Global non-profit organization Vital Strategies today welcomed the news that the Philippines’ government has signed an Executive Order (EO) that implements a national smoke-free policy; however, concerns remain that it includes a provision for designated smoking areas (DSAs), meaning that it does not conform to best practice as outlined in the WHO Framework Convention on Tobacco Control (FCTC), to which the Philippines is a signatory.

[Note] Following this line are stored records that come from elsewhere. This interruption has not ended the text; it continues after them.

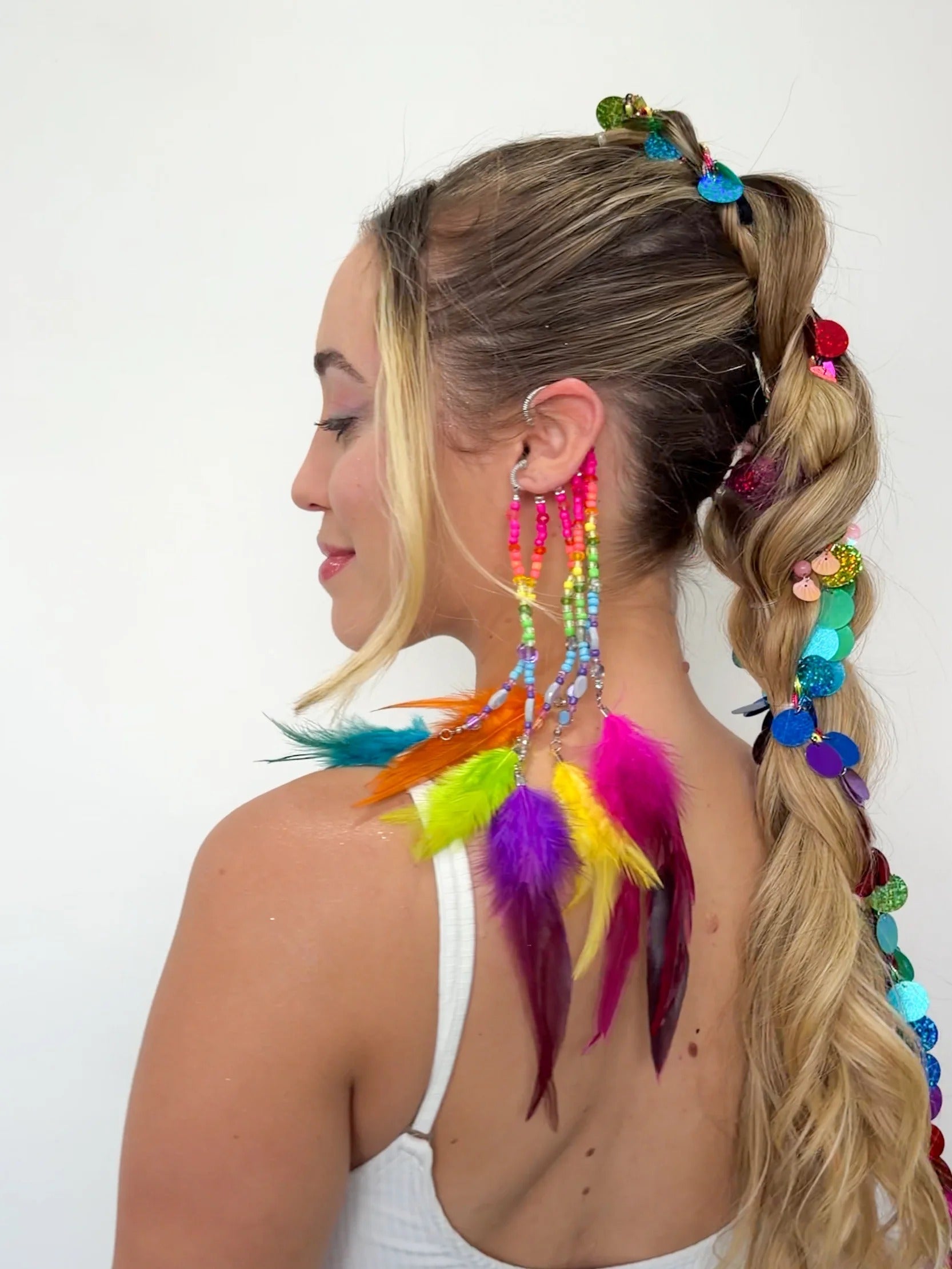 Ear Cuff Miçangas Neon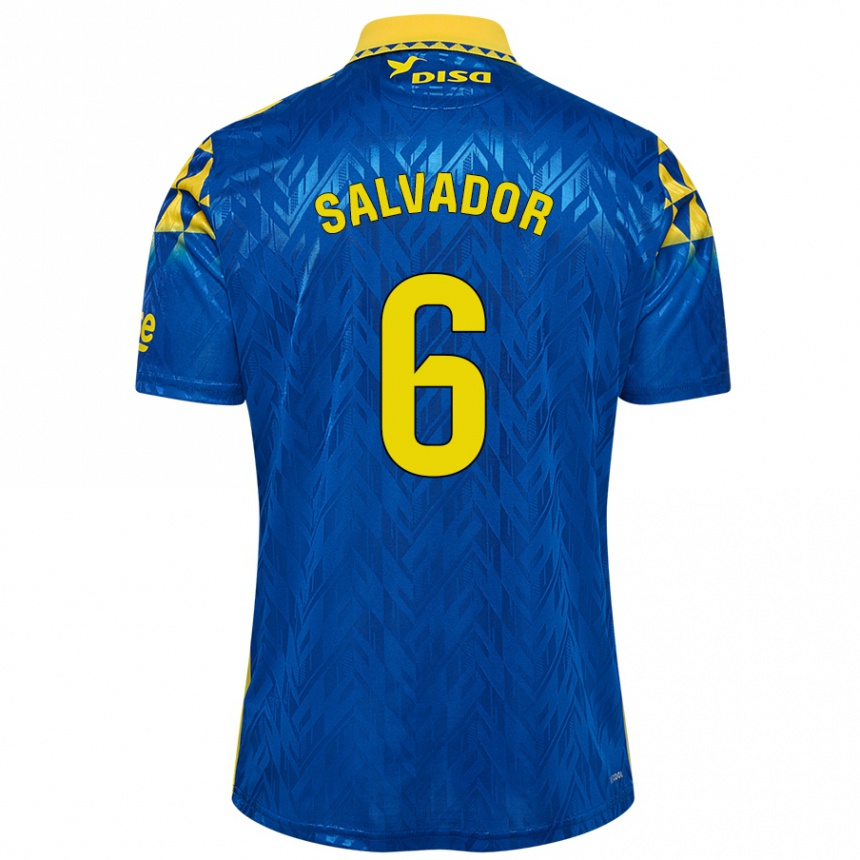 Niño Fútbol Camiseta Pol Salvador #6 Azul Amarillo 2ª Equipación 2024/25 México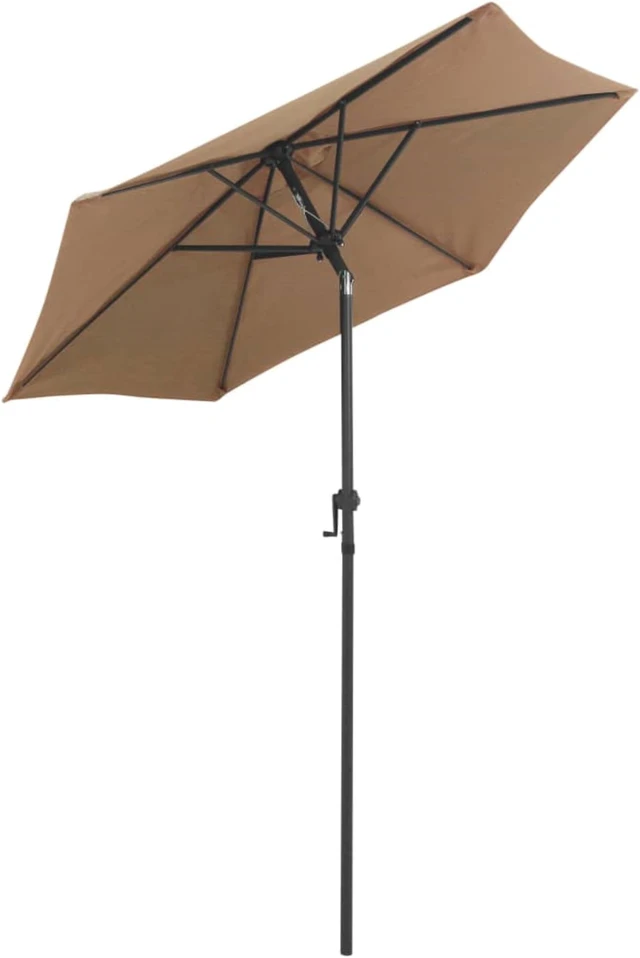 Alt view image 3 of 9 - vidaXL Parasol Taupe 78.7"x83.1" Aluminum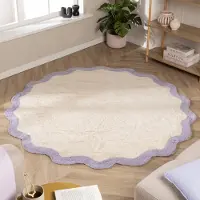 FRAAI Tapis Rond Lavable – Hazy Lilas/Crème | Ø 140cm | Rond | Pile courte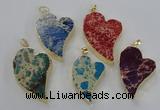 NGP2602 25*35mm - 35*45mm heart sea sediment jasper pendants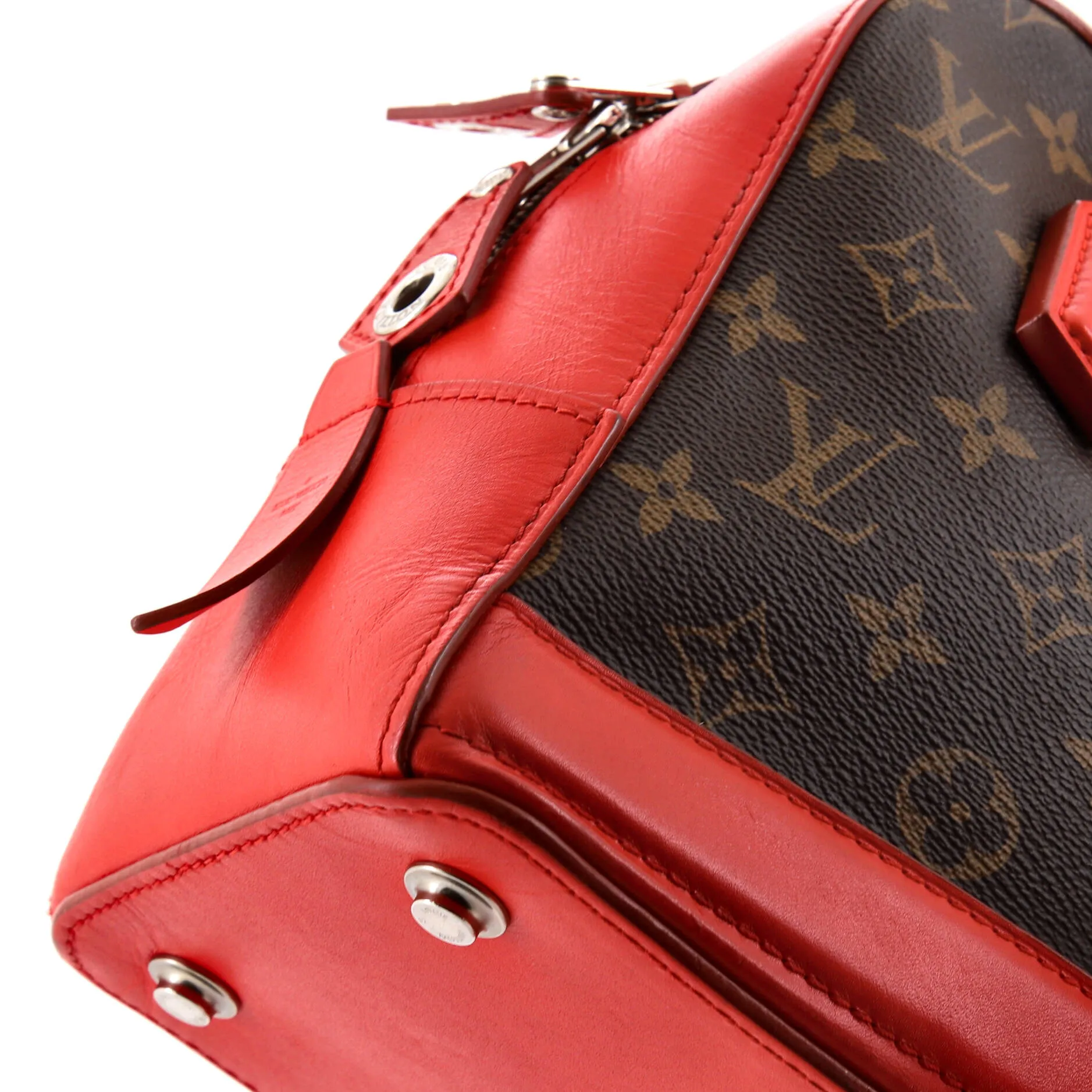 Designer Dora Handbag Monogram Canvas and Calfskin PM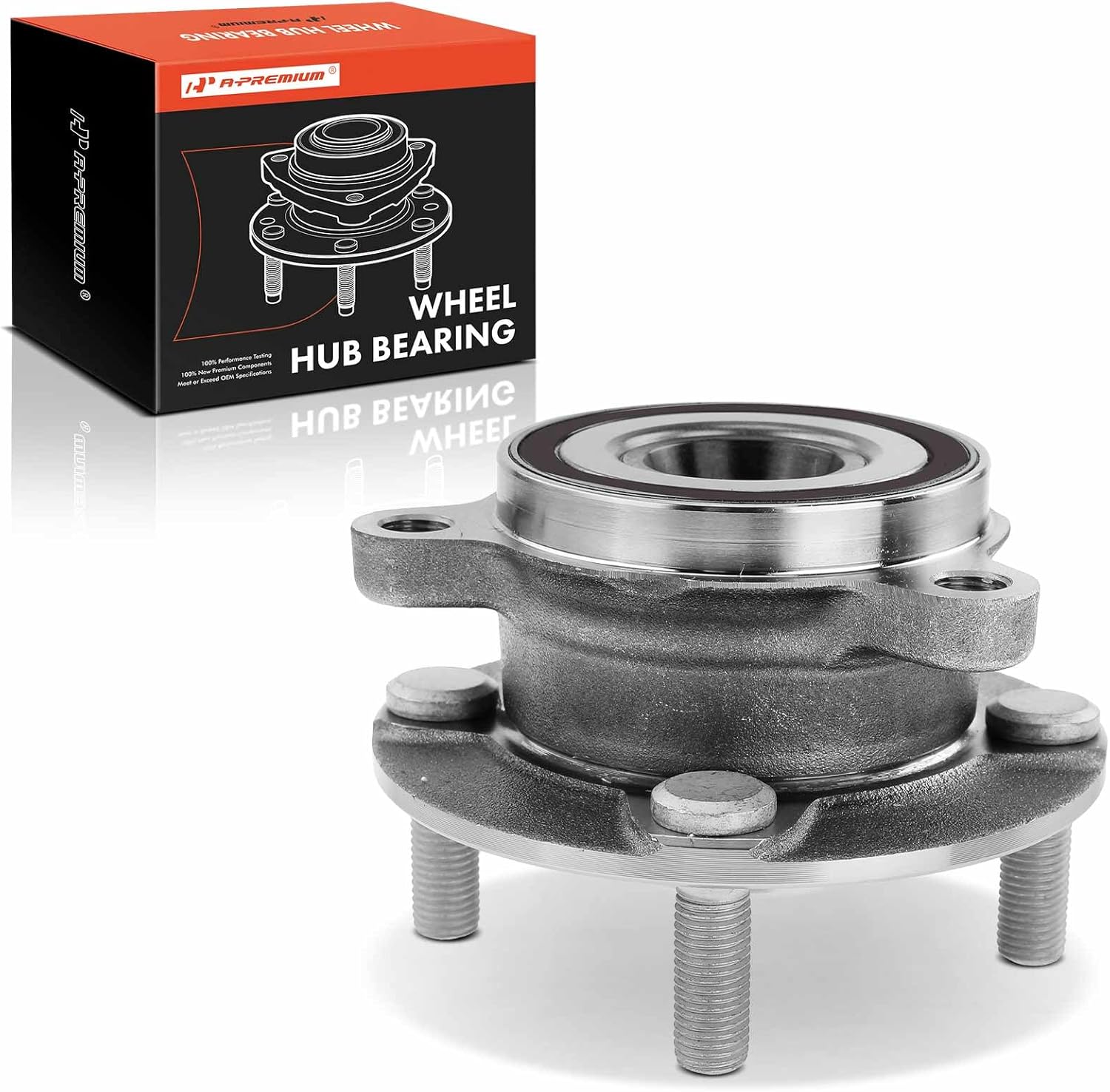 A-Premium Rear Wheel Bearing and Hub Assembly with 4-Lug Compatible with Mazda MX5 Miata 2016-2022, RWD Only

“The science is clear: even brief exposure to second-hand smoke (SHS) can cause immediate harm. The dangers are significant, ranging from strokes and heart attacks to cancers and asthma. So Filipinos in villages, towns and cities previously lacking a smoke-free law have reason to be pleased that they will now be offered some protection, although this is not as strong as the protection currently enjoyed by citizens of cities like Davao and Iloilo City, where a fully comprehensive smoke-free policy is in place,” said Vital Strategies’ President and CEO José Luis Castro.
“No one should be forced to breathe SHS. Unfortunately, designated smoking areas reduce the effectiveness of smoke-free laws,” continued Castro. “Even the tobacco industry’s own research confirms that invisible cigarette smoke spreads easily through buildings with DSAs, via ventilation systems and door openings. In addition, no one should have to suffer the toxic impacts of SHS because of their job. As implementation of the EO is considered, we urge government to include rules and regulations that protect workers – such as servers or cleaners – from working in enclosed DSAs. Government has the opportunity to ensure this. We hope that the final IRR may better reflect the policy adopted by Davao or Iloilo City, but in the meantime the priority must be strong enforcement of the EO, to make sure that people in smoke-free areas are protected from SHS.”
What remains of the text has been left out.